Westminster Attack: Security Services Face Big Investigation into How Attacker Slipped Through Net

Sources close to Parliament's Intelligence and Security Committee told The Independent there would likely be a "big investigation" into whether the 52-year-old killer should have been better monitored after it emerged he was known to agents.

They added that there would be a particular focus on whether lessons have been learnt from errors found in the way security services operated in the run up to the brutal murder of Fusilier Lee Rigby in 2013.

Concerns were also raised as to whether parliamentary security is adequately staffed, following a sizeable drop in the number of firearm-trained officers employed by the Metropolitan Police.

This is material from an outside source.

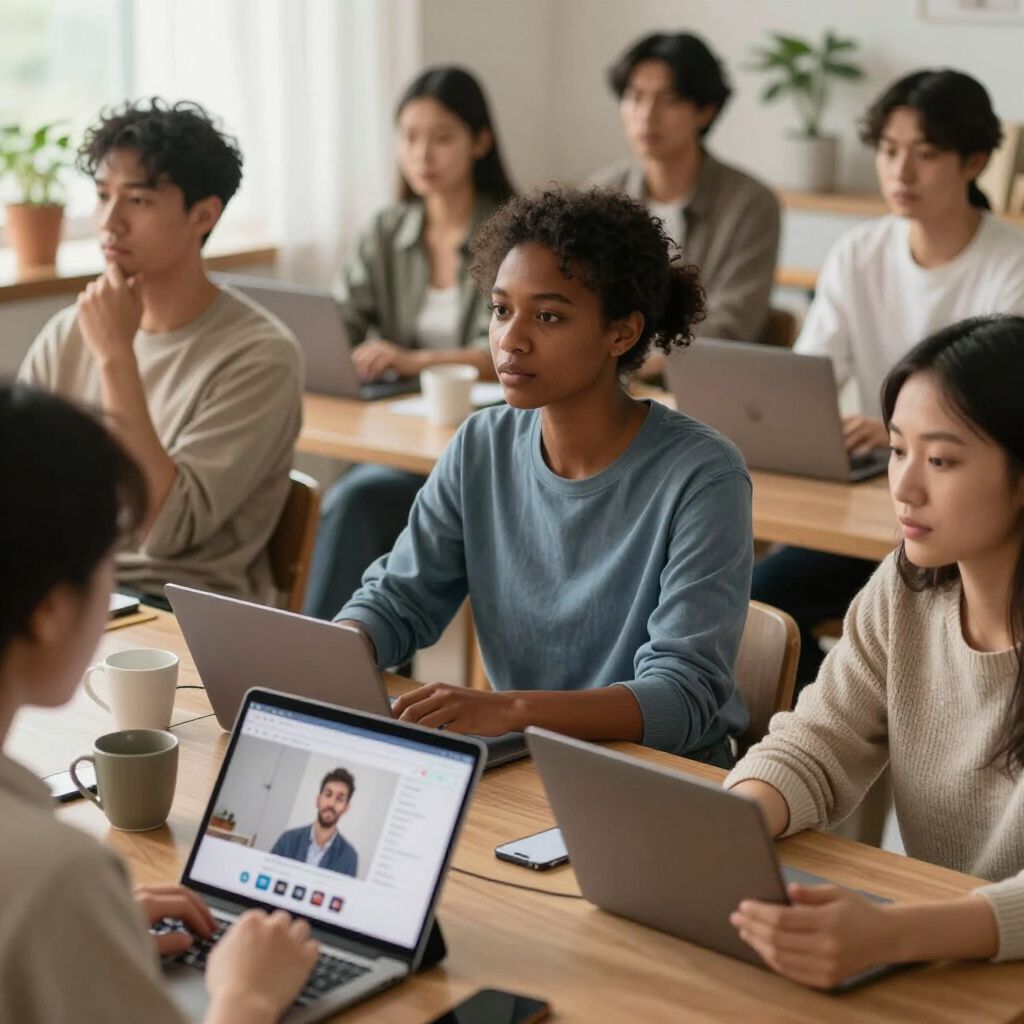 Students in a classroom, laptops open, listening to a virtual meeting.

It was reported that the officer who shot Masood, ending his rampage, was actually Defense Secretary Michael Fallon's personal bodyguard, who was only on the scene coincidentally.

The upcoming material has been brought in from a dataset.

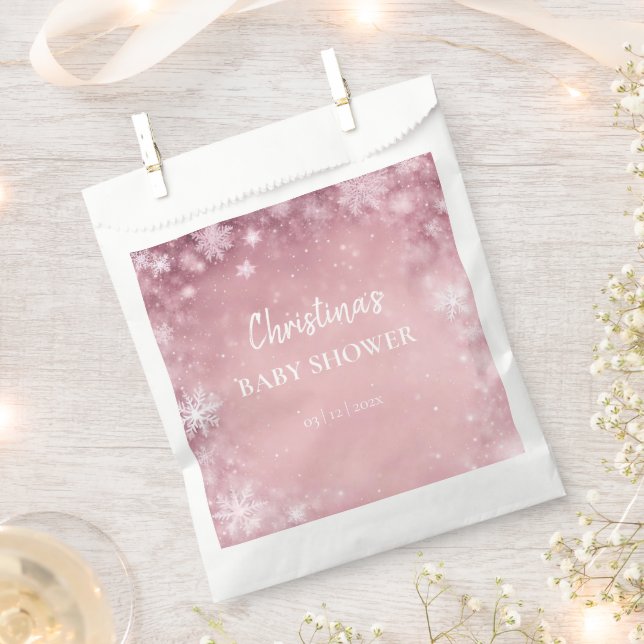 Snowflake Winter Wonderland Baby Shower Pink Favour Bags (Clipped)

Theresa May told MPs in the Commons on Thursday that while Masood was known to security services, his case was historic and that officers did not believe him to be "part of the current intelligence picture".

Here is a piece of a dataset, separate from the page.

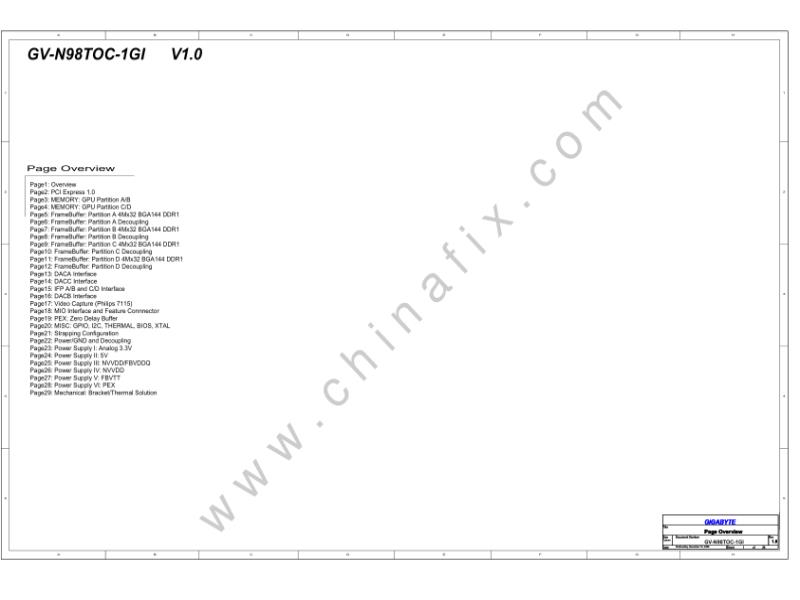 技嘉 显卡  GV N98TOC 1GI 10 PVT 电路图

Later in the day Home Secretary Amber Rudd said it would be wrong to say there had been an intelligence failure.

However, an official close to the ISC said: "[Masood] had at one point been looked at by the intelligence and security services, but obviously it had gone dormant. That sometimes happens with these cases.

"There is going to be a big investigation on this. It is always a worry for the intelligence and security services, when it comes to dropping cases, but they can't follow them all up," he added.

"At the end of the day they have to take a decision on each one, and they will now want a proper investigation of who knew what and when."